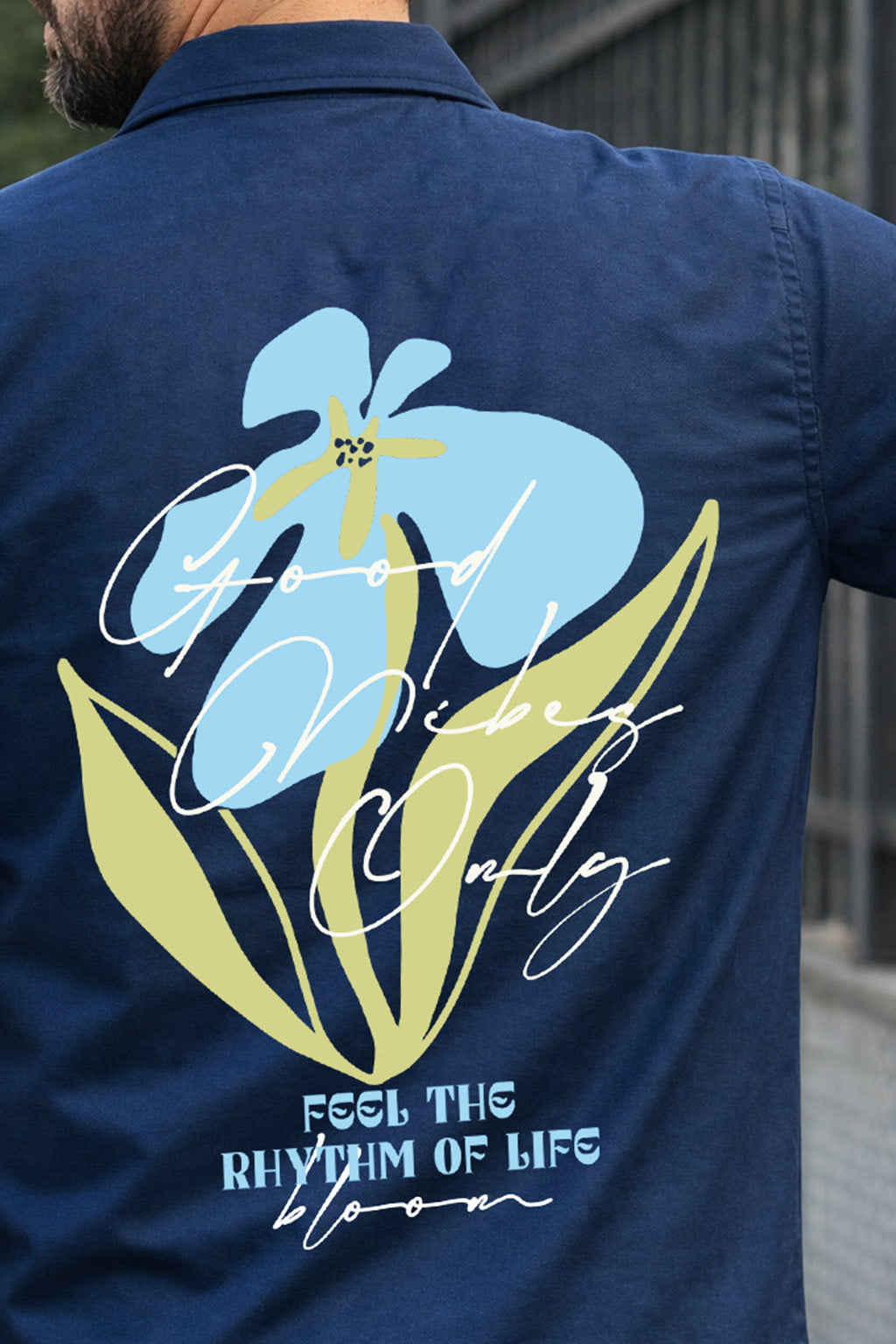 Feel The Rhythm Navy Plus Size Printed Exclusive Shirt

---

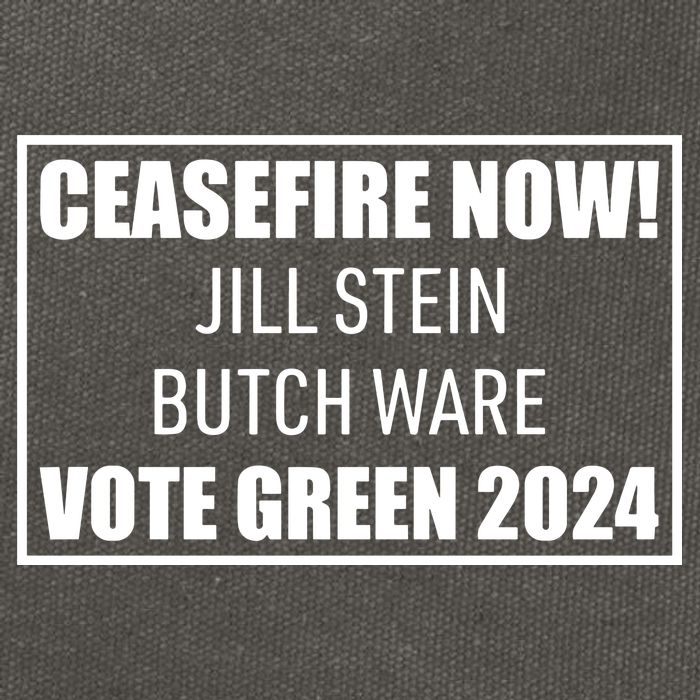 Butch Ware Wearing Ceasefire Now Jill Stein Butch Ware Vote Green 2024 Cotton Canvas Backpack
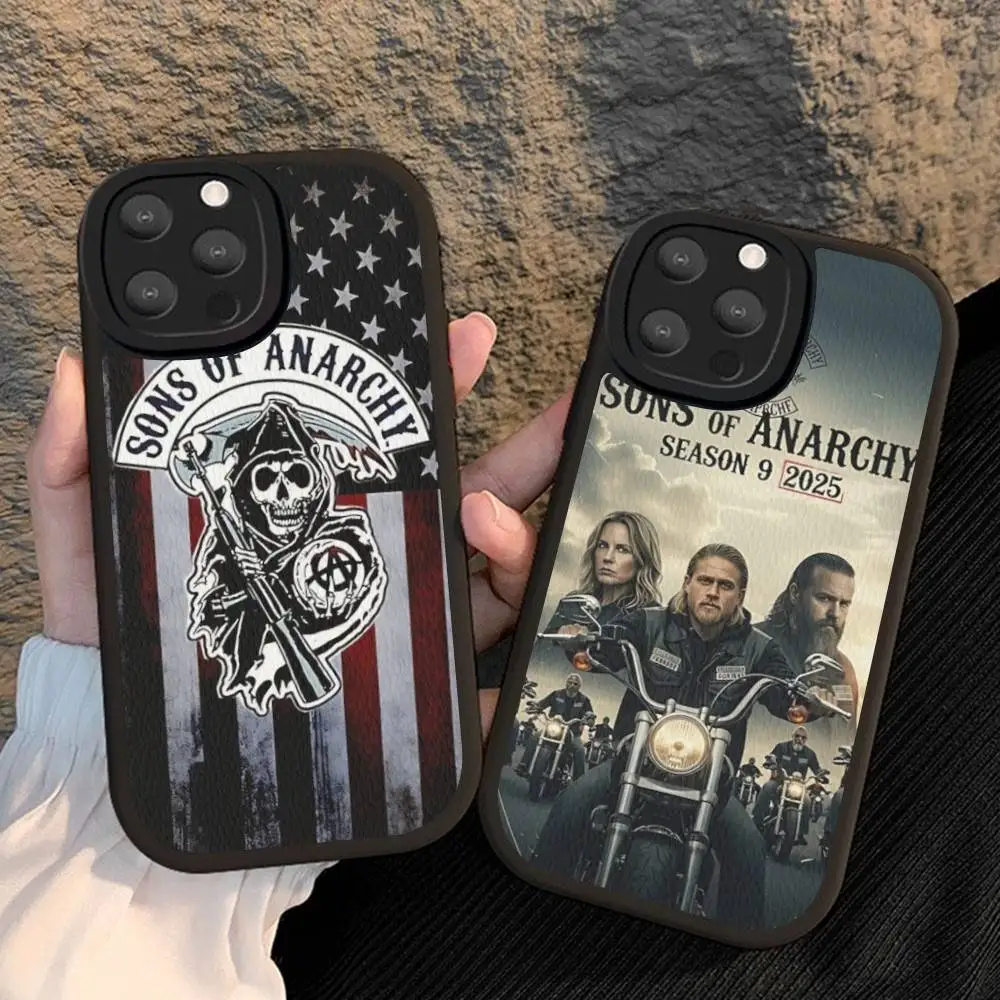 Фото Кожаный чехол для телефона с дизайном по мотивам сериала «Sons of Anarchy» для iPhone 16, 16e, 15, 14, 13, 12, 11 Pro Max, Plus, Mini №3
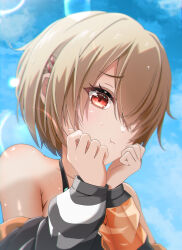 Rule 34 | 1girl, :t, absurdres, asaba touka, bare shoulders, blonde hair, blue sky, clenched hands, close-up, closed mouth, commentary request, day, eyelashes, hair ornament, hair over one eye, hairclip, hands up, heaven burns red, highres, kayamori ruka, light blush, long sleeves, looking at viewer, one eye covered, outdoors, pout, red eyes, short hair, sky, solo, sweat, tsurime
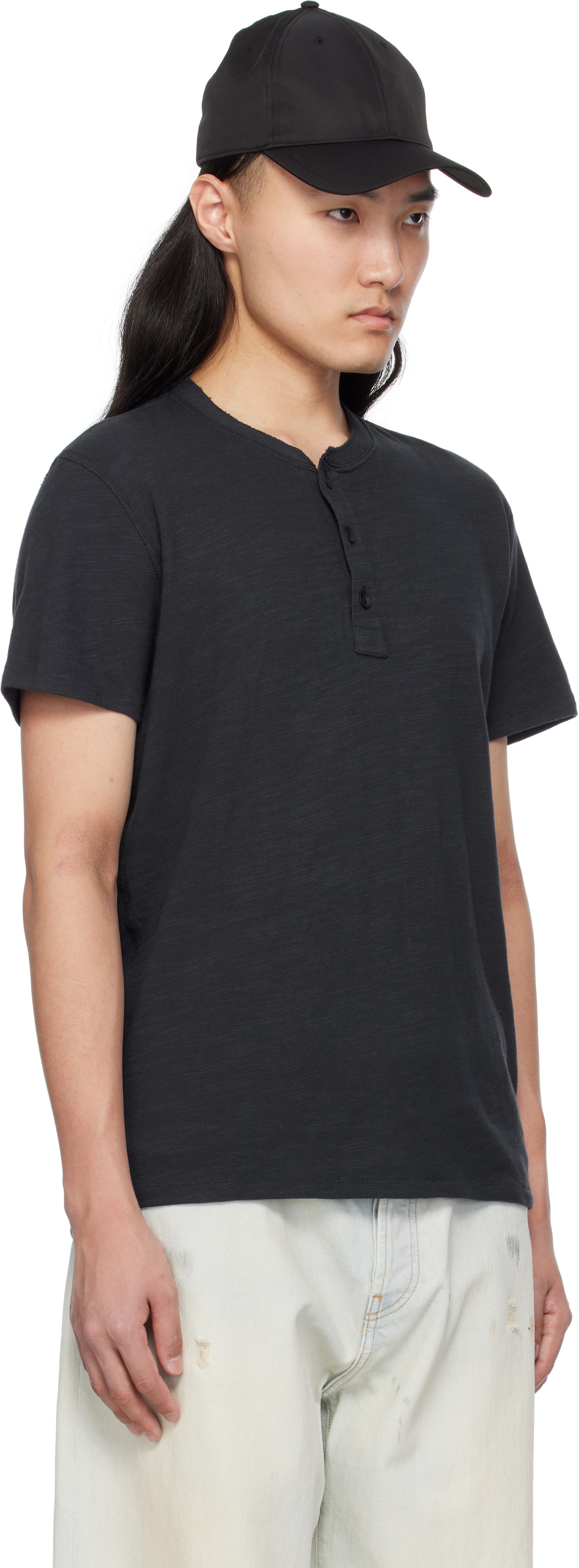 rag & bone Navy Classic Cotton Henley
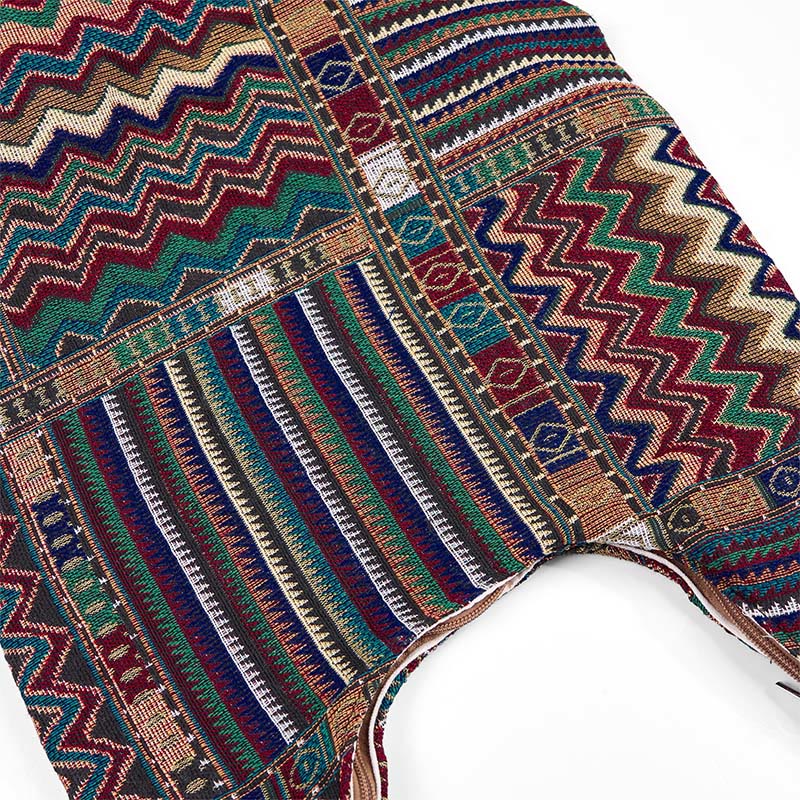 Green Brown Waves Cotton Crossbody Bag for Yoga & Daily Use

# [WORK TASK]
The reply should hold exactly the lines above, starting at the line with "rag & bone Navy Classic Cotton Henley" and ending at the line with "Green Brown Waves", and no pictures.

# [RESPONSE BOX]
 rag & bone Navy Classic Cotton Henley
 Green Brown Waves Cotton Crossbody Bag for Yoga & Daily Use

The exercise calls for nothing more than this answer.